世界はそれを愛と呼ぶ
─…………



「─おかえりなさい」

目を醒ますと、記憶の中の彼女。

「……だいぶ、情報整理されてたけど。されてなかったら、処理能力的に死んじゃってたかも」

身を起こして、

「神夜」

と、彼女の名前を呼ぶ。

「寂しがり屋でしょう?私の大好きな人」

「鷹遠ね」

「……私が、最悪な形で置いていったから」

そう言って笑う彼女は、今にも泣き出してしまいそう。

「ずっと、ここにいたの?」

「ううん。今の私は、思念体。ここから離れられないの。なんでかな。

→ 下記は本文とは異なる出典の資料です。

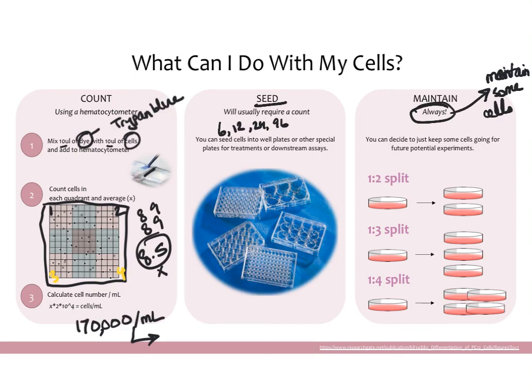When you maintain, we do what's called a split. A 1:2 split means you started with one plate and made two plates from it, or every new plate has 50% of the cells from the old plate. Similarly, you can do 1:3 or 1:4 splits. If someone tells you to do a 1:4 split, that means you take one plate and make four plates out of it, or make one new plate with 25% of the cells from the original. The whole point of splitting is to make sure the cells have enough room to grow, so you only put a subsection of cells onto each new plate.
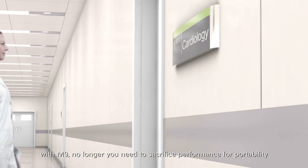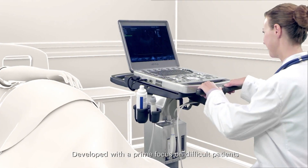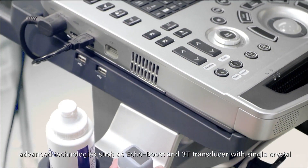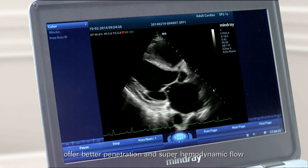With M9, no longer do you need to sacrifice performance for portability, developed with a prime focus on difficult patients. Advanced technologies such as EcoBoost and 3T transducer with single crystal offer better penetration and super hemodynamic flow.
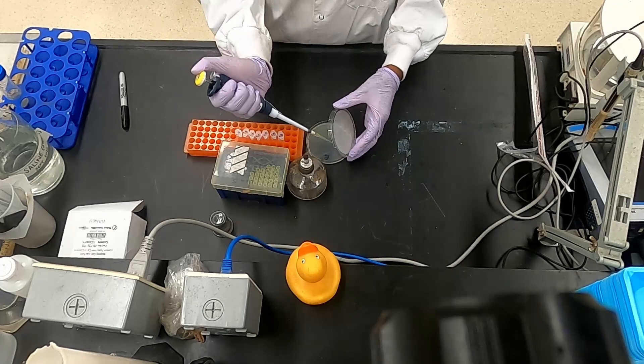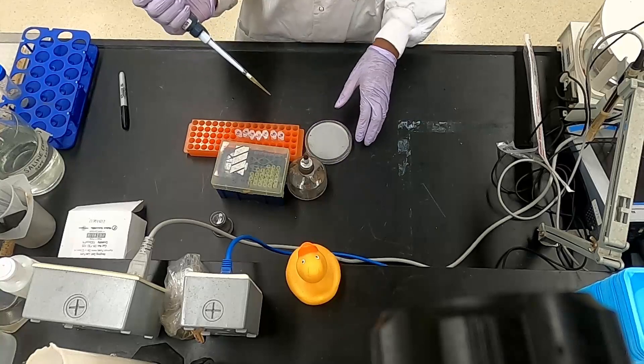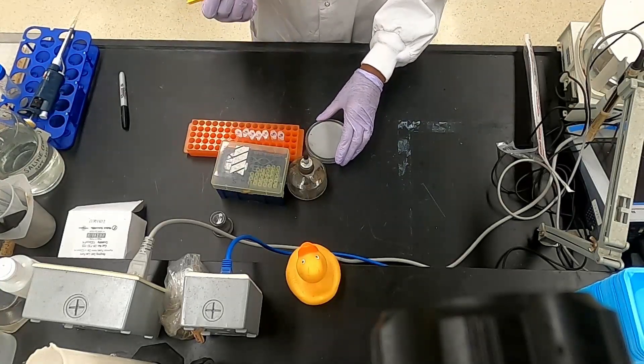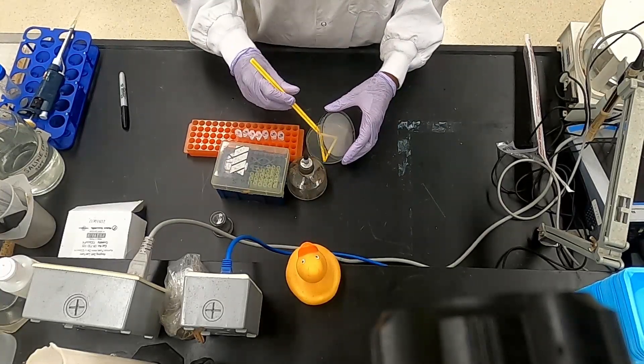A certain volume of each dilution, called the plating factor — in this case 0.1 mils — is plated onto the nutrient agar, and the plates are then incubated at 37 degrees Celsius for 24 hours to allow any present bacteria to grow and form CFU.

……貴女に会うためかな」

「……」

「ごめんね、ごめんなさ……」

沙耶は、神夜を抱き締めた。
抱きしめられるかは賭けだったが、彼女は腕に収まる。

「大丈夫。……出会えるよ。約束するから」

「っ、わ、私」

「大丈夫だから、いっぱい泣いていいよ。どこにいたって見つけてあげる。また、2人の縁を繋ぐよ」

きっと、鷹遠が行った業はふたりの運命を切り離した。
だから、鷹遠は永遠に死ぬことができなかった。
鷹遠が死を迎えないから、鷹遠が自分の子として、無意識に契約を結んだ要も生き続けて……。

「あ、あのね」

「うん、」

「守れなかった私の子、私達の子、要がね、救ったの」

「……」

「ずっと、私とここにいたの。でもね」

神夜の話は、驚くことばかりだ。
まさか、あの時に一緒に亡くなった子が肉体を得て、現在も生きているなんて、そんな─……。

「私は鷹遠の話しか知らないの。でもね、鷹遠が居なくなった世界で1度だけ、要が桜の木の下に来てね、『待たせたね』って笑って、あの子、いなくなって」

「……」

「私、引き止められなかった……」

鷹遠に繋がる、唯一無二の存在だったのに。
そう零して泣く神夜は、今も鷹遠を愛している。